━━━ Data provided ━━━

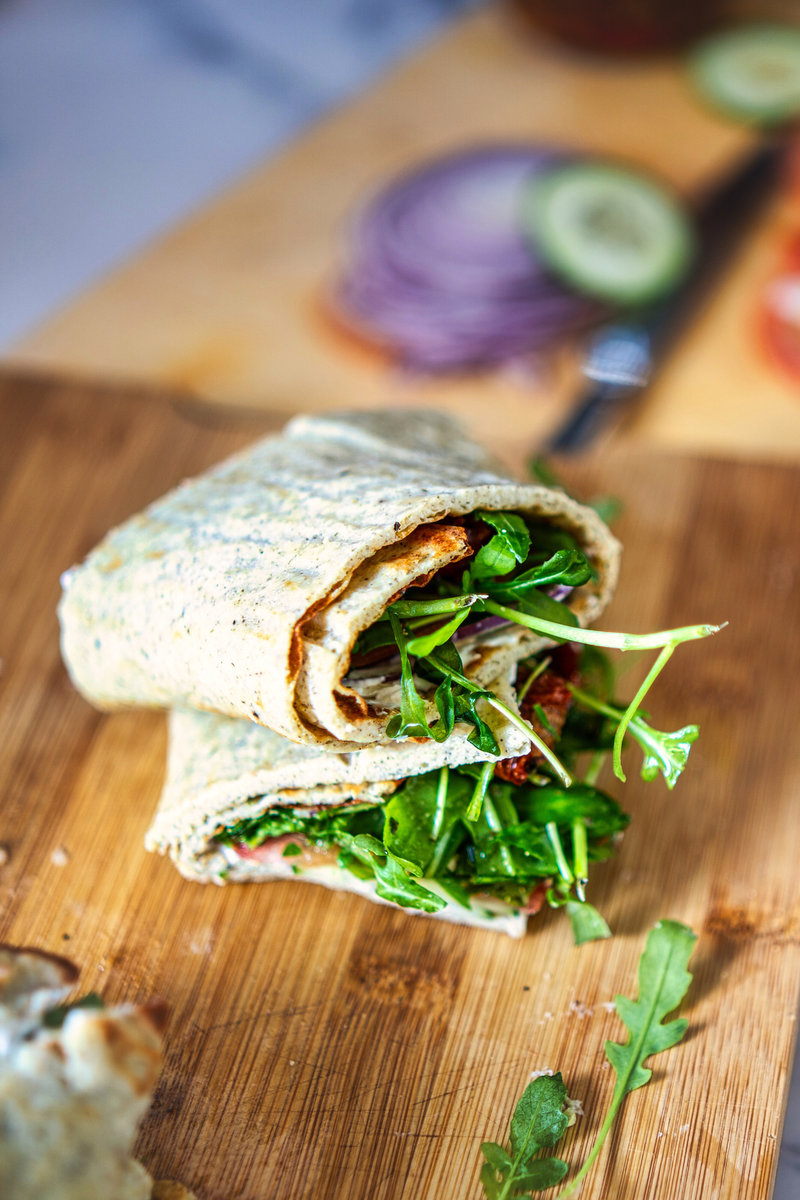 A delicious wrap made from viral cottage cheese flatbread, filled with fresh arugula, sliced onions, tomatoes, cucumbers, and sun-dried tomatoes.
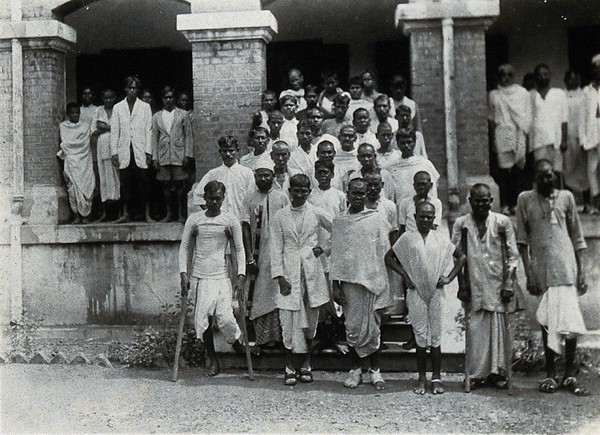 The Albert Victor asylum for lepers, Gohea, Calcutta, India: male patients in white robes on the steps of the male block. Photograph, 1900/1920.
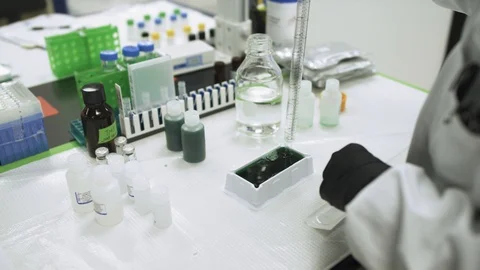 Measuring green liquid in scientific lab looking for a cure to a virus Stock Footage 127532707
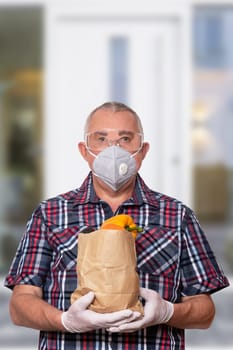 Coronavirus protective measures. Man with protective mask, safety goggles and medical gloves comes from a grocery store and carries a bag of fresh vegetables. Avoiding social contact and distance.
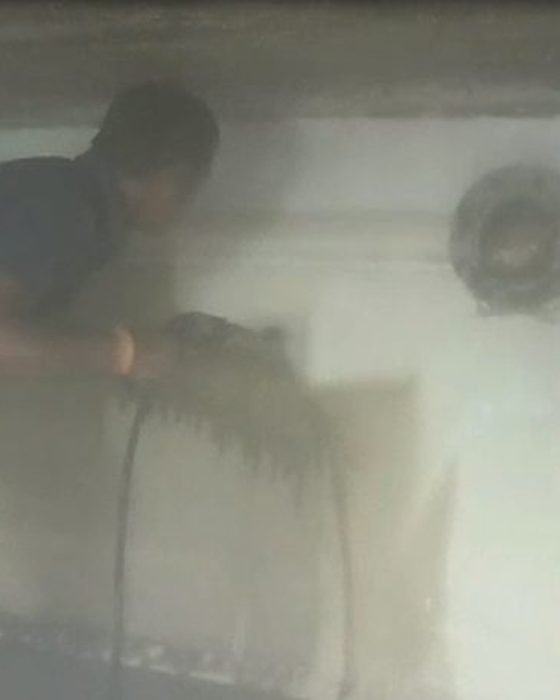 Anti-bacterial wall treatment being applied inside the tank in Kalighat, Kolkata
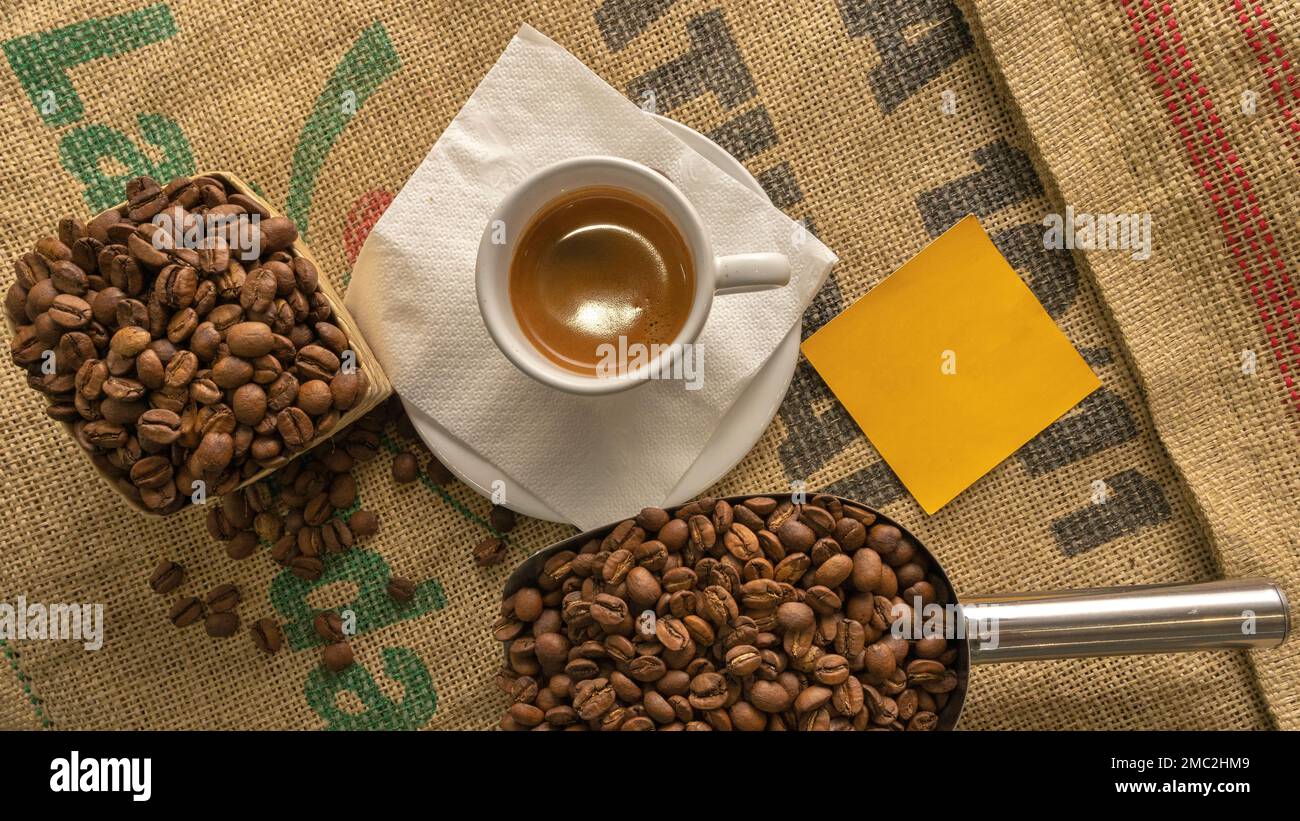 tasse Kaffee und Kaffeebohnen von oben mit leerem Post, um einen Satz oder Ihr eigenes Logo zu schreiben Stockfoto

━━━
━━━ Data provided ━━━

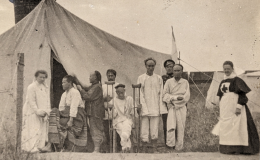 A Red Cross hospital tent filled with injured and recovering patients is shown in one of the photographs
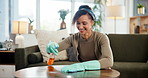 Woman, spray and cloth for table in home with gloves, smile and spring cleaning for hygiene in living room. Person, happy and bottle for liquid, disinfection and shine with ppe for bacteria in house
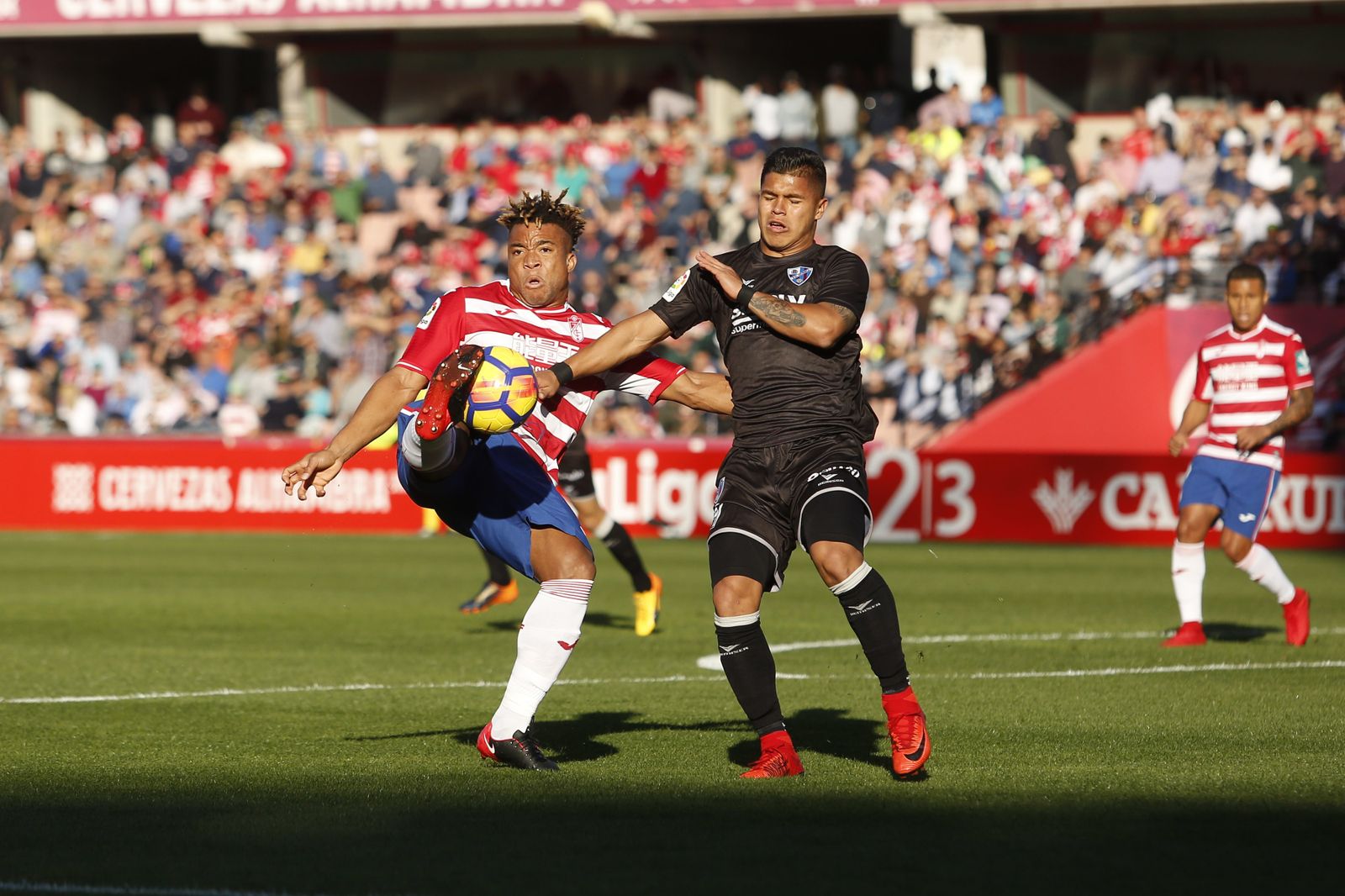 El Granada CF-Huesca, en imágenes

━━━
━━━ Data provided ━━━

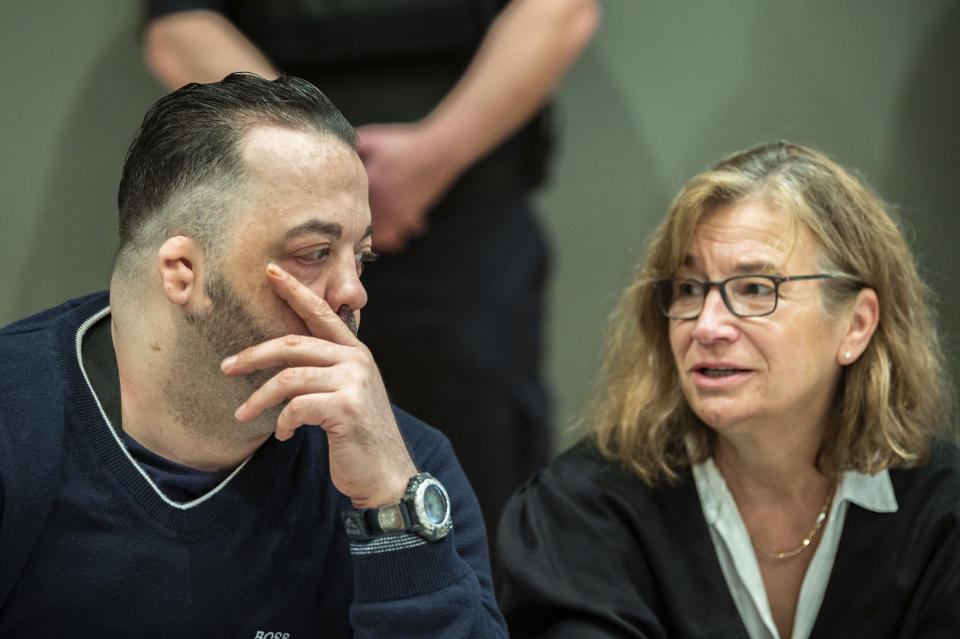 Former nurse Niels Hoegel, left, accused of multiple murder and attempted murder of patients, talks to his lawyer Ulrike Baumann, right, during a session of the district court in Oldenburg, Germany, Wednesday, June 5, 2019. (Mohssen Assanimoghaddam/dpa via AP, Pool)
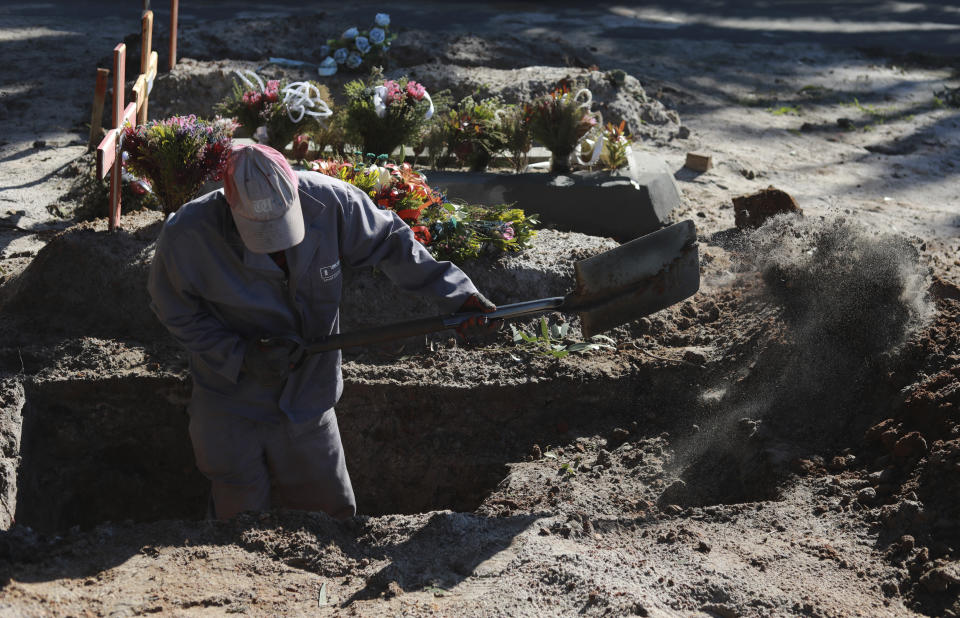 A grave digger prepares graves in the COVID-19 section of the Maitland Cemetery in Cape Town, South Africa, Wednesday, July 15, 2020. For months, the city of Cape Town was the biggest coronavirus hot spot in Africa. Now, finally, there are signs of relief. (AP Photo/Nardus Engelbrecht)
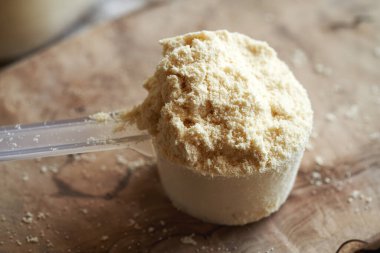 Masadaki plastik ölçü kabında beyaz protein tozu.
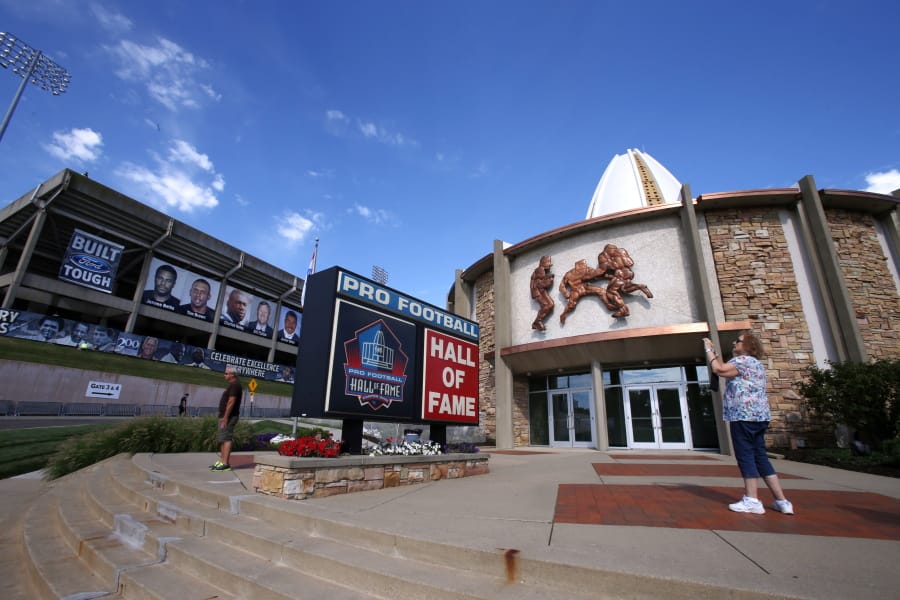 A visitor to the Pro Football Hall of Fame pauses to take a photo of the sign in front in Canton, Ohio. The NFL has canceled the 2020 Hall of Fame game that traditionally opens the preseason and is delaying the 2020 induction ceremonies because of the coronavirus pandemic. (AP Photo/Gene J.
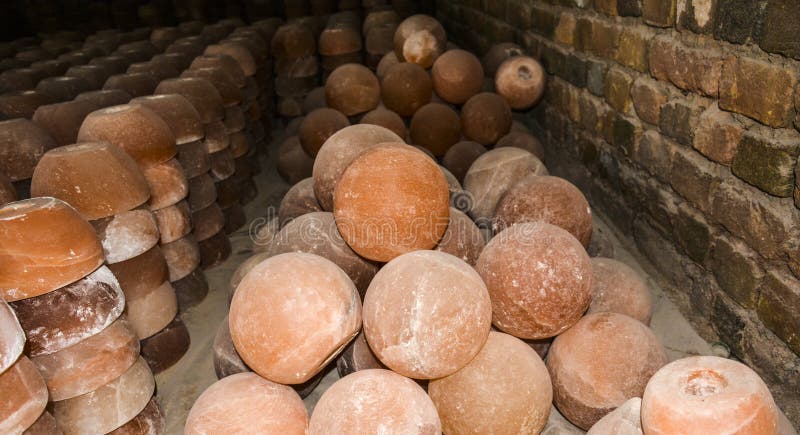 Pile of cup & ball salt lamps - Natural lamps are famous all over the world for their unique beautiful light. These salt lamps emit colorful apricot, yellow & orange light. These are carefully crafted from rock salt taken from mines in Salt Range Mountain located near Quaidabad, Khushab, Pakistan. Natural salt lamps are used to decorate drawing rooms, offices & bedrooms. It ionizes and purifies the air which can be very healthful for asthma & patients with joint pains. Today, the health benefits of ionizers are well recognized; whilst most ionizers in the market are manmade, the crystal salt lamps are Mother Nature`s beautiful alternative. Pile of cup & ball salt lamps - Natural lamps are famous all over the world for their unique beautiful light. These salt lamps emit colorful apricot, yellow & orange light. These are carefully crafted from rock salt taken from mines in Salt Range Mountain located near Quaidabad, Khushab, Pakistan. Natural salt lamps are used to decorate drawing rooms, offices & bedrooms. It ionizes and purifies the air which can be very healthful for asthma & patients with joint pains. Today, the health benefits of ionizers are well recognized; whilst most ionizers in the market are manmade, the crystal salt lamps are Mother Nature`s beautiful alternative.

━━━

Look above for the line with "Measuring green liquid", then print it and each line after it down to and including the line with "Coronavirus protective measures.". Leave out the pictures and keep the wording exact.

 Measuring green liquid in scientific lab looking for a cure to a virus Stock Footage 127532707
 Coronavirus protective measures. Man with protective mask, safety goggles and medical gloves comes from a grocery store and carries a bag of fresh vegetables. Avoiding social contact and distance.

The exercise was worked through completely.